[Opening Data for this task section]

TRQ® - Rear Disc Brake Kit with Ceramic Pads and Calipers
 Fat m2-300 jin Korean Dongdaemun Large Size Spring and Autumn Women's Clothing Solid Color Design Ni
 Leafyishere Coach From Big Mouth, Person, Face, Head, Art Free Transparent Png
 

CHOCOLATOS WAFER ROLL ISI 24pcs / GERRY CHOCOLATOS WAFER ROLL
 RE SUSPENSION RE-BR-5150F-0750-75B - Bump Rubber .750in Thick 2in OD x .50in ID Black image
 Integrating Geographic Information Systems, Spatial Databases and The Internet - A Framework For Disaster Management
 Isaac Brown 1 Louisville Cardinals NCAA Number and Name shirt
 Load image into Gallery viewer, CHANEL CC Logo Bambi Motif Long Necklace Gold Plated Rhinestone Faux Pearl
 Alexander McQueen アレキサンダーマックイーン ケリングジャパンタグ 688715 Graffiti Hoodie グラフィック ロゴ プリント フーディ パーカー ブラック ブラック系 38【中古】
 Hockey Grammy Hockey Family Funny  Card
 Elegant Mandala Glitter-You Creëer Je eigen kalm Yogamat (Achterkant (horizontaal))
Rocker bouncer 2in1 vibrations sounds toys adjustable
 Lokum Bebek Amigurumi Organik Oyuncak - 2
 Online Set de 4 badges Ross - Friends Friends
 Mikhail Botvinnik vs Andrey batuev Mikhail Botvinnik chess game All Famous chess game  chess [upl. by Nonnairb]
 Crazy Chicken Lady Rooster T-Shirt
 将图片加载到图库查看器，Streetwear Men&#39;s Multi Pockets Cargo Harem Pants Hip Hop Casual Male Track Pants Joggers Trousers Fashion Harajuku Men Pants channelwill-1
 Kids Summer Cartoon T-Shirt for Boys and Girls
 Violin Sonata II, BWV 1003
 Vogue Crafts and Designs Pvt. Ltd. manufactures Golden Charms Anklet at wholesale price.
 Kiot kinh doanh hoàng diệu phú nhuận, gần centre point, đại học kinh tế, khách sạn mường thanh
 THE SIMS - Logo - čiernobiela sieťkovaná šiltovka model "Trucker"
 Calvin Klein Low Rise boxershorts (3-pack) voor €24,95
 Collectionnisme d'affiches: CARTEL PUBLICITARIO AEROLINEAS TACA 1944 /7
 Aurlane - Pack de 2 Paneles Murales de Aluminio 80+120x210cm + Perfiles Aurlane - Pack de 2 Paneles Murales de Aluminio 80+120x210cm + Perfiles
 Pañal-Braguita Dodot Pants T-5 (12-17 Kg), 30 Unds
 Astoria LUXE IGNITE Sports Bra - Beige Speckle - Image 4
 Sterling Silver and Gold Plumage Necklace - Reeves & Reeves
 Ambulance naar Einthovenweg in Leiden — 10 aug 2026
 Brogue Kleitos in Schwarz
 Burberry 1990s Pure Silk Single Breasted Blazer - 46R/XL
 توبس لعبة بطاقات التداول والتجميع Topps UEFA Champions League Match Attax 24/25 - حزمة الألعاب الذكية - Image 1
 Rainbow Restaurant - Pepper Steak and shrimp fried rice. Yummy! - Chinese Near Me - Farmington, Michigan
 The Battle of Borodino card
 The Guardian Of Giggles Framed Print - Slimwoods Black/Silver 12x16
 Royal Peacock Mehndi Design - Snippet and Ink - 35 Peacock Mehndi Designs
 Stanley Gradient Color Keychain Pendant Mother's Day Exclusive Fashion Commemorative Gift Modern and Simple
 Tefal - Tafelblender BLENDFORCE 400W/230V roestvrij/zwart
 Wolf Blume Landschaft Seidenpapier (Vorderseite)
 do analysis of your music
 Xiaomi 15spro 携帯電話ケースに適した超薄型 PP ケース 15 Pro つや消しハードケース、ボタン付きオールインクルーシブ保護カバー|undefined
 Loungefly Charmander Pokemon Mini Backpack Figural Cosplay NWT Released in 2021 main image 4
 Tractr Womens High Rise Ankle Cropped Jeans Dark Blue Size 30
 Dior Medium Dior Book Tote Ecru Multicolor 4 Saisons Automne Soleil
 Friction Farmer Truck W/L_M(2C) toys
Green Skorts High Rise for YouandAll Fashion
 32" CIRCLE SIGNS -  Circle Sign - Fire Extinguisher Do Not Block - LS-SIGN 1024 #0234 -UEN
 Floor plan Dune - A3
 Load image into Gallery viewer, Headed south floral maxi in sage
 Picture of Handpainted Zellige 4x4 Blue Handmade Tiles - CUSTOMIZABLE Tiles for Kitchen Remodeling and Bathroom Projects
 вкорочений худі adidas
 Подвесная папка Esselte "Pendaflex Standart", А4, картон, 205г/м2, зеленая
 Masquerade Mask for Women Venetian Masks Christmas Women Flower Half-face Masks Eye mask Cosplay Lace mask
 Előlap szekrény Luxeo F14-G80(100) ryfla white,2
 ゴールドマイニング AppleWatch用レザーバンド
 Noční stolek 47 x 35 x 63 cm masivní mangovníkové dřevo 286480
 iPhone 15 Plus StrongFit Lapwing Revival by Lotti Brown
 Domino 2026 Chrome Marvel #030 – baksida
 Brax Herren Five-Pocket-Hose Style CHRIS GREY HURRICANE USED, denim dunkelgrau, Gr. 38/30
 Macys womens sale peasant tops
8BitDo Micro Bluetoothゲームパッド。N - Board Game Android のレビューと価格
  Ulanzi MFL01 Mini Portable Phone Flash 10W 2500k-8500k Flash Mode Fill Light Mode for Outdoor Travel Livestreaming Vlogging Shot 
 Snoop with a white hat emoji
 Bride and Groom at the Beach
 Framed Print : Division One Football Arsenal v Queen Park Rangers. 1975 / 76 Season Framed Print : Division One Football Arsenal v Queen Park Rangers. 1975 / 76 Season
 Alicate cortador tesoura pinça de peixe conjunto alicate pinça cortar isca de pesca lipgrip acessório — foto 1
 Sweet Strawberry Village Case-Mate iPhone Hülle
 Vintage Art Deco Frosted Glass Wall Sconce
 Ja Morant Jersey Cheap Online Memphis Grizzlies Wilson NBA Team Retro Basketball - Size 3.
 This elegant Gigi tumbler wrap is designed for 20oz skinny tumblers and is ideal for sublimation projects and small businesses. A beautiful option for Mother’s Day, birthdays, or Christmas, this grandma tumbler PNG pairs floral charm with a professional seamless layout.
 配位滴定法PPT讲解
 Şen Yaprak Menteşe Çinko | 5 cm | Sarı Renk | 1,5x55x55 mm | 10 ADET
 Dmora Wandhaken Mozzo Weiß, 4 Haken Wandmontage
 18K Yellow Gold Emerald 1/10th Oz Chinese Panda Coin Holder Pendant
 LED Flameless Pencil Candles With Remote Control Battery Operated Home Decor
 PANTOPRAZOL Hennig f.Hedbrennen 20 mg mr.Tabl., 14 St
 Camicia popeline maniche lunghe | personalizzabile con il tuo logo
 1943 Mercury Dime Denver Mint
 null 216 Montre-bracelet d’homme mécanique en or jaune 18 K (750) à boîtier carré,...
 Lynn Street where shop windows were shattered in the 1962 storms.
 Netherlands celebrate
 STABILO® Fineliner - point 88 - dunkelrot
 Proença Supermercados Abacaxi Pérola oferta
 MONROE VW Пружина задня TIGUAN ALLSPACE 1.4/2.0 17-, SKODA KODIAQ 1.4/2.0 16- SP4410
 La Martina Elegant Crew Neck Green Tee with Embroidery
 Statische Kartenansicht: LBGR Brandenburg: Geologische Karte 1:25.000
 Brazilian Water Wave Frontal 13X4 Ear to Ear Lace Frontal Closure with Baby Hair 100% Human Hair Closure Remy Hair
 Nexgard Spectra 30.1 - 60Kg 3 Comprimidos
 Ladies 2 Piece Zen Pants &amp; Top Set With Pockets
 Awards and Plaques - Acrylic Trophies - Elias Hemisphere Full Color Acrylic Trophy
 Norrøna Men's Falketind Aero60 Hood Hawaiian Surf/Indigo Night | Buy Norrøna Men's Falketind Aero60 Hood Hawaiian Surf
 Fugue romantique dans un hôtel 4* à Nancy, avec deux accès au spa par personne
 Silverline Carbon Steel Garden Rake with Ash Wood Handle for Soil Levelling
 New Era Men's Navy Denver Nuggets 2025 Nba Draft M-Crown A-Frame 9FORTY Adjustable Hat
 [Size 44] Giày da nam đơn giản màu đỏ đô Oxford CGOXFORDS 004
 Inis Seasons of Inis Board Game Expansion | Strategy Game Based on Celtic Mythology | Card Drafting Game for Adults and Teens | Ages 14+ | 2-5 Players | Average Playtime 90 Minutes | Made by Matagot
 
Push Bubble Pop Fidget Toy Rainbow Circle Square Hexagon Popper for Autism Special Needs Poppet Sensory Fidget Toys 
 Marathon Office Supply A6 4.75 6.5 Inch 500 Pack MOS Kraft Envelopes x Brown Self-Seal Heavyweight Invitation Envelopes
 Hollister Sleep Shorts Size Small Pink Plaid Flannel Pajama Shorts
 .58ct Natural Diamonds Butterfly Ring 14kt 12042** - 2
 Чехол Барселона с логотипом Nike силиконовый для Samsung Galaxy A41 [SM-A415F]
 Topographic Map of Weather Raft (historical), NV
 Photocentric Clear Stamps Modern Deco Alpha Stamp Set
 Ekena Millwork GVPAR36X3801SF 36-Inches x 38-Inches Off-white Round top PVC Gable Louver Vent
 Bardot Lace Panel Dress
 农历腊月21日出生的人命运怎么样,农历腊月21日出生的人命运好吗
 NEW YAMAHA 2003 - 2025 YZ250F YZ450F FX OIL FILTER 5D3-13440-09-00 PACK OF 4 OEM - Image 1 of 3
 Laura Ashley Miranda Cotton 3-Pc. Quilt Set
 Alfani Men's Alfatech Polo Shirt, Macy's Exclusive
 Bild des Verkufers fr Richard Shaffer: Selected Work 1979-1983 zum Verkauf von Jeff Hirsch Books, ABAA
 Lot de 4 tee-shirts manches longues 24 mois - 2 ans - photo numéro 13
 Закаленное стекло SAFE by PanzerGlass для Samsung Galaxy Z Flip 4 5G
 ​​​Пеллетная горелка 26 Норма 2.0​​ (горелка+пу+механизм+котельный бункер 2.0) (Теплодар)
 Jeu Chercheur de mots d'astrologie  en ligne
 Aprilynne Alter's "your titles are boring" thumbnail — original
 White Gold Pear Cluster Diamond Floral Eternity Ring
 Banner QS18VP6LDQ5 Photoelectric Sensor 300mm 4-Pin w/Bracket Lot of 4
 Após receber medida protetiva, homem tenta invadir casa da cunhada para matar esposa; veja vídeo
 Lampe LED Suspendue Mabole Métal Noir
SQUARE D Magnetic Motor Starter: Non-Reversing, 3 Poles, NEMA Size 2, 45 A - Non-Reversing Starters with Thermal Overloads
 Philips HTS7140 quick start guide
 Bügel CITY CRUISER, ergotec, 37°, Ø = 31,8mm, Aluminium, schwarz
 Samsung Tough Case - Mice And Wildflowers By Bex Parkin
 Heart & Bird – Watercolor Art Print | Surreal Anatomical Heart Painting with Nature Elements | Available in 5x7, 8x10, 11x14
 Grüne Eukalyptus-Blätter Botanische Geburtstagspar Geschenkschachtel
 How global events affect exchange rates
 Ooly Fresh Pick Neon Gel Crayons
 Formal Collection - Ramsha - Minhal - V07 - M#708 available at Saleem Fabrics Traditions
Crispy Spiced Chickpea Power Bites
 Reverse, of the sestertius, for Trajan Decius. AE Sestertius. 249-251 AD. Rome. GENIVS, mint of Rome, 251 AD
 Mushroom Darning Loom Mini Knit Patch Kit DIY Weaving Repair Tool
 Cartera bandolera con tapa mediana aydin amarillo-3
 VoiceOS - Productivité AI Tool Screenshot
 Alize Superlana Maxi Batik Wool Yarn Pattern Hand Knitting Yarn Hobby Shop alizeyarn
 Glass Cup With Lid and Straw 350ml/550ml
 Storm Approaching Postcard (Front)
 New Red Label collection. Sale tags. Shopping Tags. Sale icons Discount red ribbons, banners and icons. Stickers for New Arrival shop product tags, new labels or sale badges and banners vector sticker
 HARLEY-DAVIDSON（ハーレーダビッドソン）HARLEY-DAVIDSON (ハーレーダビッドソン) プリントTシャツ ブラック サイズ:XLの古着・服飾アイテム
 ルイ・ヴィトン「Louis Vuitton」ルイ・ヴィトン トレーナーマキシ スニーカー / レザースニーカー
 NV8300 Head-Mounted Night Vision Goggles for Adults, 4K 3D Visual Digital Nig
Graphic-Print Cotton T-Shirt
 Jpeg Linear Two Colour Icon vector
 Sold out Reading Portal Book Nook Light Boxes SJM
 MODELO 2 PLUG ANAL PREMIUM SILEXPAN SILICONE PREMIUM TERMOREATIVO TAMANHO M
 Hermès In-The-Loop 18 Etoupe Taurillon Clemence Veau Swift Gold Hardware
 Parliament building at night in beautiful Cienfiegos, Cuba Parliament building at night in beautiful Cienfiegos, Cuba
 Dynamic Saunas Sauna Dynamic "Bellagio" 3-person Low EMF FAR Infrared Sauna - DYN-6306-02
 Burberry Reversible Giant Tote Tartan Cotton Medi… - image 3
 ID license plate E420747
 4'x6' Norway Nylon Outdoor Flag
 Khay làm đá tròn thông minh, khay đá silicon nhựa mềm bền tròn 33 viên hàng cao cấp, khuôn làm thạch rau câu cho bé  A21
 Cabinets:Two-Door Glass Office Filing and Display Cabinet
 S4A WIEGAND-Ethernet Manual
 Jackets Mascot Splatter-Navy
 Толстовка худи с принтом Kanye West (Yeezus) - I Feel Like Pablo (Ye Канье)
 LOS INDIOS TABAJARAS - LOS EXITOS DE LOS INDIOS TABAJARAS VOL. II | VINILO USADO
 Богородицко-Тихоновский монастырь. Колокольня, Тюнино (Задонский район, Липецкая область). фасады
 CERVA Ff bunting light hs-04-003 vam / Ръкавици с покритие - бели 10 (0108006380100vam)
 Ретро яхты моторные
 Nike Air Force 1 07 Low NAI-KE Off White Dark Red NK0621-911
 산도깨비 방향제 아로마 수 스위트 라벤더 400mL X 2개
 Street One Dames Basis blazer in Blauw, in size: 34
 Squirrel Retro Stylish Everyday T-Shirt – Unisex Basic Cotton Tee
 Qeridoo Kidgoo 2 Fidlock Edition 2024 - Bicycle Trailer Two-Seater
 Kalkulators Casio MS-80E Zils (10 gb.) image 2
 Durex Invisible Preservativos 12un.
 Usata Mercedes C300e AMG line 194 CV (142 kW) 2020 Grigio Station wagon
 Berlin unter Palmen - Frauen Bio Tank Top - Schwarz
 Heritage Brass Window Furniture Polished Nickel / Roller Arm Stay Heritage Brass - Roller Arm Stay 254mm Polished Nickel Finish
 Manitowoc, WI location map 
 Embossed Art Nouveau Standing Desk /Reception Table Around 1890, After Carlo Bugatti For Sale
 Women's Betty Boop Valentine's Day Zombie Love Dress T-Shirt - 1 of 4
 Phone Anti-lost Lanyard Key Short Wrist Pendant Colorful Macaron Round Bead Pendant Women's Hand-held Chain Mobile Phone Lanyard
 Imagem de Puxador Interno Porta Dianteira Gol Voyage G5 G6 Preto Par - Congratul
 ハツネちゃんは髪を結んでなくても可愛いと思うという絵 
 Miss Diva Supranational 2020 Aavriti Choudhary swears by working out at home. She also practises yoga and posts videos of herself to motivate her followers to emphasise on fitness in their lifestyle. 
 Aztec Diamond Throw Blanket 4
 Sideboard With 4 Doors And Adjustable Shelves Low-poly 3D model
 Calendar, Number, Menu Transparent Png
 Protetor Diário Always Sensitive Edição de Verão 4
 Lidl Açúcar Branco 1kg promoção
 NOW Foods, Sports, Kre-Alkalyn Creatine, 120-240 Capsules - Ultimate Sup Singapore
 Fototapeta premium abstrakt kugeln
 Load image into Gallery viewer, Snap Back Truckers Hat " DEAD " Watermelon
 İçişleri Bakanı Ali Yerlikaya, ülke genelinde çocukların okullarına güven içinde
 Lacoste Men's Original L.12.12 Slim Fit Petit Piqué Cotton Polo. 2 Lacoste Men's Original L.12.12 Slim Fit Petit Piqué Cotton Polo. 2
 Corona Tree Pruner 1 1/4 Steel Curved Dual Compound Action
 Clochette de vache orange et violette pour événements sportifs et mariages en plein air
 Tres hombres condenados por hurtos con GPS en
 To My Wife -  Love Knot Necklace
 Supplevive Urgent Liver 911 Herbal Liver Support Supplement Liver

[Closing Data for this task section]

§ The problem: Which lines in the records above contain the word "vector"? Copy each one.

§ Written solution:
 New Red Label collection. Sale tags. Shopping Tags. Sale icons Discount red ribbons, banners and icons. Stickers for New Arrival shop product tags, new labels or sale badges and banners vector sticker
 Jpeg Linear Two Colour Icon vector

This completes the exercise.